I admit. I was a little skeptical when Gabby first came in to my life. She seemed a little too new-agey. A bit too self-helpy. More cosmic than I was ready for, more hippie than I could relate too. I mean, I believed in miracles. And I believed that they happen for people, every day.
But probably not for me. Good things happened to me, of course, and I have more blessings than I could possibly count. But could I really think of them as miracles? Weren’t they just the product of persistence and hard work and setting goals and following through and dumb luck?
Maybe. But the idea that hard soul work could cause miracles was intriguing. And so I started to investigate. I started to read and explore and question. It’s not easy stuff. Surprisingly, it’s even harder than any college course or career path or relationship work I’ve ever done.

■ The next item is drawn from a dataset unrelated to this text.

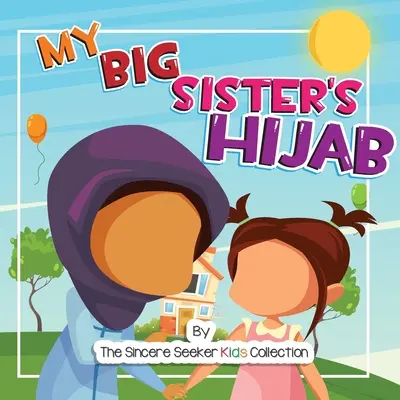 El hiyab de mi hermana mayor: Mi viaje para conocer el hiyab y amarlo - My Big Sister's Hijab: My Journey to Learning About Hijab and Loving It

It needed to happen, and it probably needed to happen before I was ready. But starting that work is the best thing I’ve ever done, and continue to do. And so when the opportunity to hear from Gabby, real and raw and uncensored, I was there.
On that sunny Saturday, on what felt like the first real day of summer (as evidenced by Gabby’s observation that “everyone in Chicago is naked!”) me and 200 other spirit junkies gathered for a miracle.

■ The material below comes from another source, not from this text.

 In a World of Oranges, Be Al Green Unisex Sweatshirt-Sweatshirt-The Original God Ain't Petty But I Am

One of Gabby’s first mantras? Start and the pressure will be off.
I need this reminder every day, especially now that I create my own schedule and my own workflow. By nature, I’m an organized person. I like order and a routine. You’d think that working for myself would be a dream. And it is. But something about the need for control is also unsettling to me. Deep down, I know that having that firm a grasp on everything around me is unsustainable. And also? It really, really, sucks the joy out of life.

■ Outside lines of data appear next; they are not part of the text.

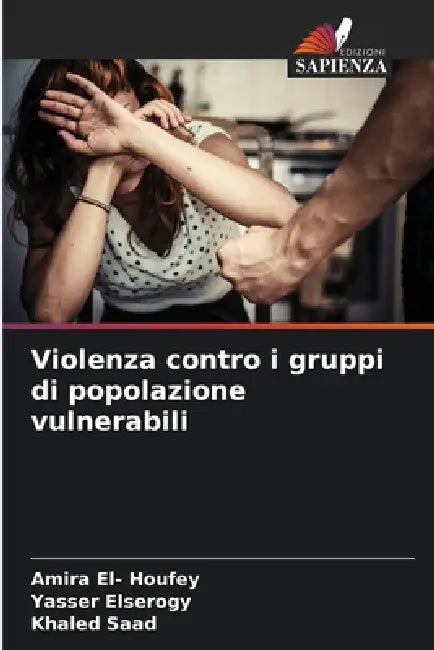 Violenza contro i gruppi di popolazione vulnerabili by Amira El- Houfey, Yasser Elserogy, Khaled Saad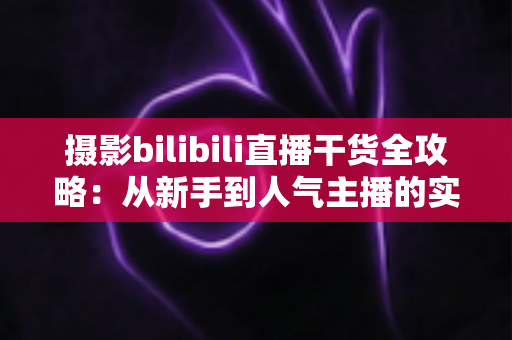 摄影bilibili直播干货全攻略：从新手到人气主播的实战指南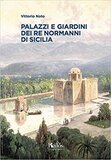 Palazzi e giardini dei Re normanni di Sicilia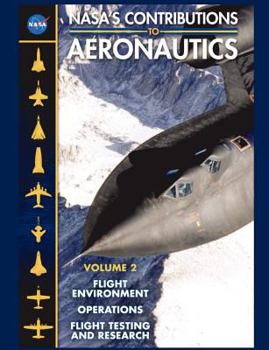 Paperback NASA's Contributions to Aeronuatics Volume II: Flight Environment, Operations, Flight Testing and Research Book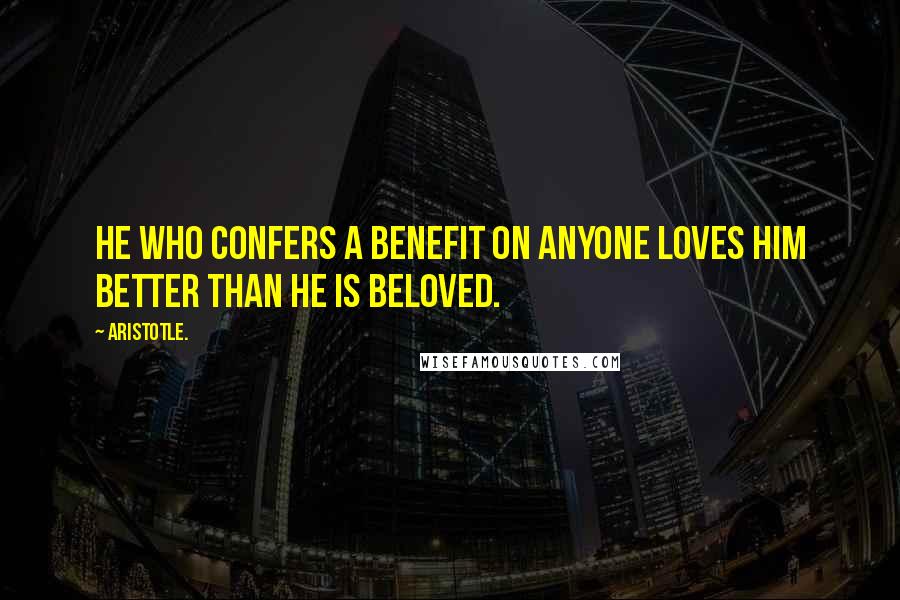 Aristotle. Quotes: He who confers a benefit on anyone loves him better than he is beloved.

While I seek balance in the need for control and the desire to let life ebb and flow, I sometimes find myself paralyzed by the pressure. And it’s those moments when I remind myself I just need to start. Whether it’s writing a piece, getting myself to a Pilates class, or tackling the guest room/office/holding cell for miscellaneous junk that desperately needs to be purged (next Tuesday, I’m looking at you), I know that once I start the pressure will be off. “It always seems impossible until it’s done,” don’t you know.
Gabby encourages us to put a spiritual act in place of the addiction. Fear, she says, is the driver of addictive behavior. And it’s true. Sometimes, when anxiety and fear is so elevated that I feel paralyzed, the thing that breaks me out is food. My relationship with food has been complicated for a long time – I love and appreciate and celebrate it and enjoy it so much that I’ve used it both to punish and reward myself. At the same time, in fact. But deep down, I believe food is healing. I believe that, when eaten mindfully with equally nourishing sides of love and self-respect and joy, the food we eat plays a major part in elevating us to our best selves.
One of the exercises we practiced with Gabby was putting a spiritual experience in place of the addictive behavior. To do it?
Simply place your hand on the cover of Miracles Now and say (out loud, because yes) “I need a miracle.”
Open to any page.
On that beautiful afternoon, in that blessed space, I opened to page 154.
#65 – Meditate to Prevent Freaking Out.
And in that moment, I was more resolved than ever that meditation will be part of my evolution. It’s something I’ve struggled to make part of my daily (heck, monthly) routine because…well, it’s hard. It’s hard for me to commit 20 or even 10 minutes to just…sitting. An hour of yoga, a couple of hours of reading a good, soothing, motivating book, journaling until I’m drained of words…easy. But committing to sitting with my thoughts? That’s a challenge. And it’s a little scary.
It’s a scary challenge that keeps floating back into my heart, though. The fact that it keeps reappearing is not lost on me. And so I continued to read.
“Are you the type of person who needs to break down before you break through?” Gabby asks in the book. “Though I had many tools for managing my thoughts, I didn’t have great guidance on how to bust through the really tough times and save myself from a freak-out. One of the best ways to prevent a freak-out is to change your energy through your breath.”
The Miracle Message? In the midst of a meltdown, breathe through the discomfort and you’ll come out on the other side.
And so, the miracle of breath – of my breath – becomes part of my story.